▶ **TASK**
Restate word for word the material below, starting at the line that contains "Duravit Meuble sous-lavabo" and stopping after the last line; skip pictures.

▶ **DATA BLOCK**
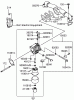 Toro 74806 (ZX525) - TimeCutter ZX525 Riding Mower, 2005 (250000001-250999999) Spareparts CARBURETOR ASSEMBLY KAWASAKI FH541V-AS07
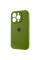 Чехол Silicone Case Full Camera Protective (AA) для Apple iPhone 13 Pro Max (6.7) - Зеленый / Dark Olive - фото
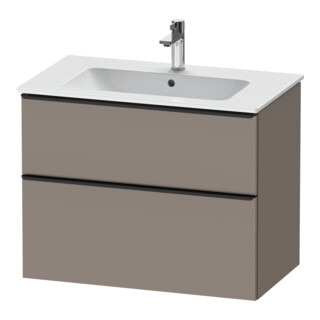 Duravit Meuble sous-lavabo D-Neo 81x46,2 cm, noir/Bas ma, 1 tiroir, 1 coulissant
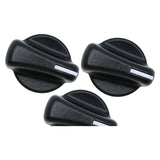 99-06 Dodge Ram Van Jeep Wrangler TJ A/C Heater Control Knob Fan Switch 3pcs 05011218AC - view 1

▶ **PROBLEM SOLUTION**
 Duravit Meuble sous-lavabo D-Neo 81x46,2 cm, noir/Bas ma, 1 tiroir, 1 coulissant
 99-06 Dodge Ram Van Jeep Wrangler TJ A/C Heater Control Knob Fan Switch 3pcs 05011218AC - view 1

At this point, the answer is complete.